Kupferberg’s interpretation of Kylián’s choreography is
moving and deeply felt. He meant it as a tribute to her
and she undoubtedly does full justice to his creation.
The choice of Debussy’s music Prélude à l’après-midi
d’un faune was inspired, as his use of flutes and harp
enhances the introspective quality of Kylián’s dance language.
The
final ballet La Cathédrale engloutie, is a quartet
for two pairs dominated by the sound of waves. The original
music is a prelude composed by Debussy in 1910, inspired
by the ancient Breton legend of the submerged cathedral
of the village of Ys, which sank under the waves during
one stormy night, as punishment for its sinful population.
The choreography of this piece is one of Kylián’s finest.
The dancers swirl in a seamless connection with the music,
sliding to the ground, only to rise again, in liquid, fluid
movements that appear to be an extension of the waves we
hear and the images of water in the background. The pairs
collide, rotate and slowly swell, with grace and elegance,
as sea waves, rolling to the beach and spreading harmoniously
over the sand. It is a piece of great beauty and originality,
combining the delicate basis of classical ballet with the
emotive, powerful expression of modern dance. The sounds
of the waves are very effective, evocative and at the same
time peaceful but sadly Debussy’s music is not fully used.

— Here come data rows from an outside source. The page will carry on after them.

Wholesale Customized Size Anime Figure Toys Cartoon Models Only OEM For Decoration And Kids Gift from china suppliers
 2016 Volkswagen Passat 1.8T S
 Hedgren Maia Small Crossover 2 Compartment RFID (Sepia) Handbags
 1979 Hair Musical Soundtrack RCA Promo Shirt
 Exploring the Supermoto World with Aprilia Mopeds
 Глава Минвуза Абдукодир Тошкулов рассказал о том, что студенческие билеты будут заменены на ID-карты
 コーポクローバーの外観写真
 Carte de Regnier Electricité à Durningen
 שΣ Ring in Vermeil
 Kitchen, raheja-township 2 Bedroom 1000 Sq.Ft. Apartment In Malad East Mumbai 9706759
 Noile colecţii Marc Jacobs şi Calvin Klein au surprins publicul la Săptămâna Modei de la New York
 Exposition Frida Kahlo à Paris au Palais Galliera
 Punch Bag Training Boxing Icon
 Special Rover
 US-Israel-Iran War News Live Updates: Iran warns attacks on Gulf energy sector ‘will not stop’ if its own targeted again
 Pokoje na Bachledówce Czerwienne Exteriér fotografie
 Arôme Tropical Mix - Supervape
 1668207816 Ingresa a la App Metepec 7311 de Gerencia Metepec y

We hear the waves throughout, occasionally broken by some
chords of the composer’s original prelude on the piano
but the piece is not performed in its entirety.
These
two ballets, however, are excellent and representative
of Kylián’s earlier choreographic ideas that to my mind
are still his best, and more than made up for the disappointment
I felt after watching the film Car Men.